Could the lines from the line bearing "2G1125S39F9255627 Chevrolet IMPALA LT" to the end of the records below be copied exactly, with the pictures left out and no other lines added?

*DATA SHOWN*
::::::
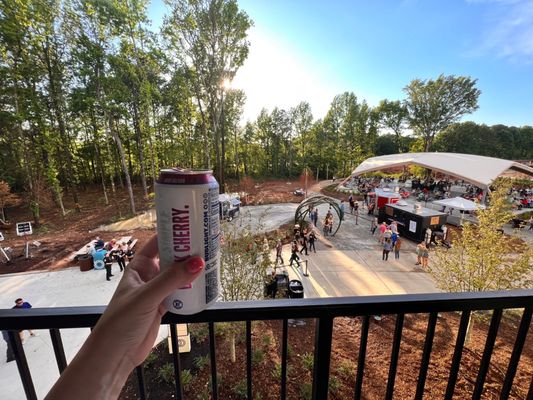 The Orion Amphitheater by null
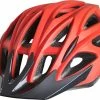 Cannondale Quick Fahrrad Helm Rot 2021 -Brillen Verkäufe CannondaleQuickHelmetRed3qtr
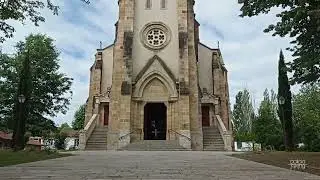 Reportaje especial: Camino de Baztán, parte 1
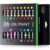 Ohuhu Oil Paint Set, 36 Oil-Based Colors, 12ml/0.42oz x 36 Tubes Non-Toxic Oil Painting Set Supplies for Canvas Painting Artist Kids Beginner Adult Classroom Student Art Supplies Gift DIY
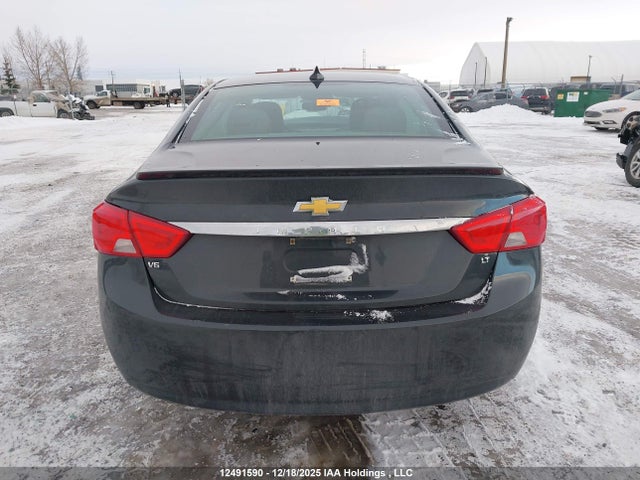 2G1125S39F9255627 Chevrolet IMPALA LT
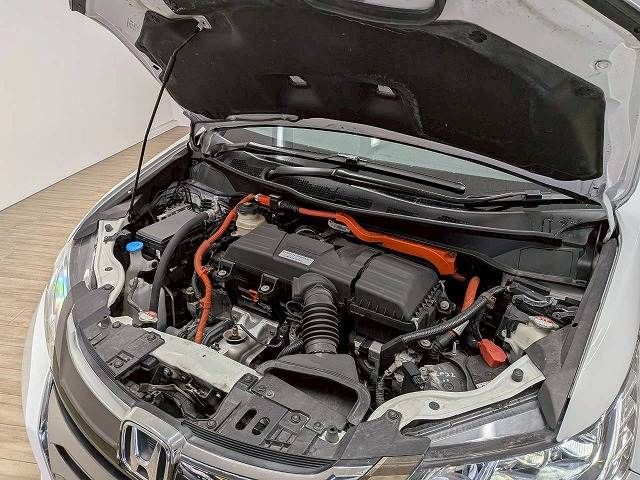 ODYSSEY HYBRID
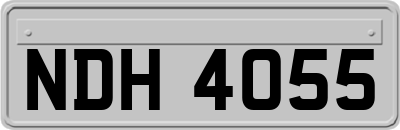 NDH4055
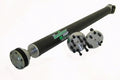 Driveshaft Shop carbon hardware kit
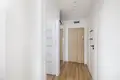 Wohnung 1 zimmer 38 m² Warschau, Polen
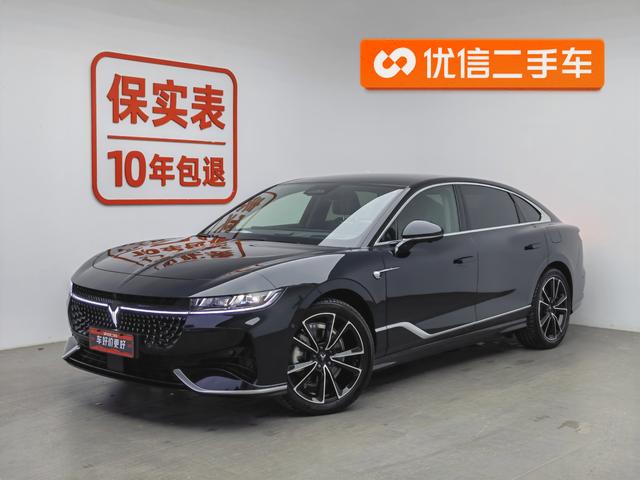 Arcturus Chase PHEV 2024 Ultra Long Range 4WD Executive Edition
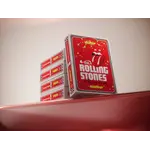 Playing Cards: Rolling Stones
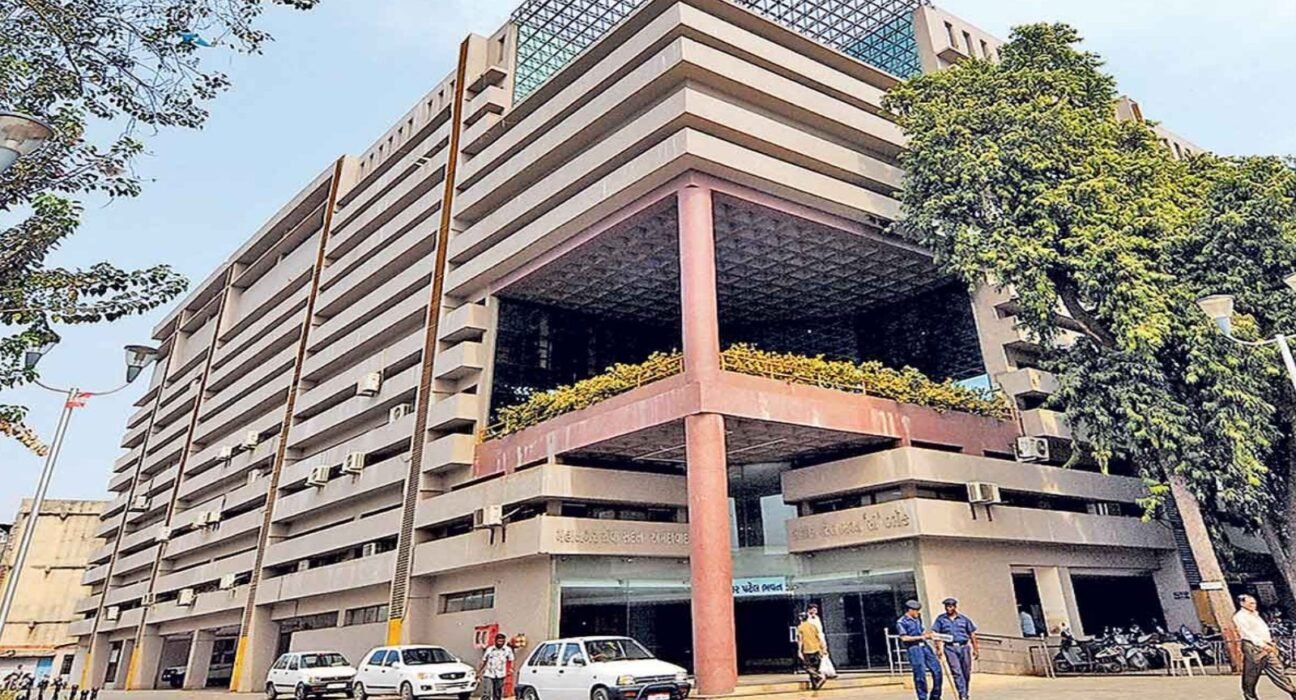 Ahmedabad Corporation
::::::
*OUTPUT OF THE EXERCISE*
 2G1125S39F9255627 Chevrolet IMPALA LT
 ODYSSEY HYBRID
 NDH4055
 Driveshaft Shop carbon hardware kit
 Wohnung 1 zimmer 38 m² Warschau, Polen
 Arcturus Chase PHEV 2024 Ultra Long Range 4WD Executive Edition
 Playing Cards: Rolling Stones
 Ahmedabad Corporation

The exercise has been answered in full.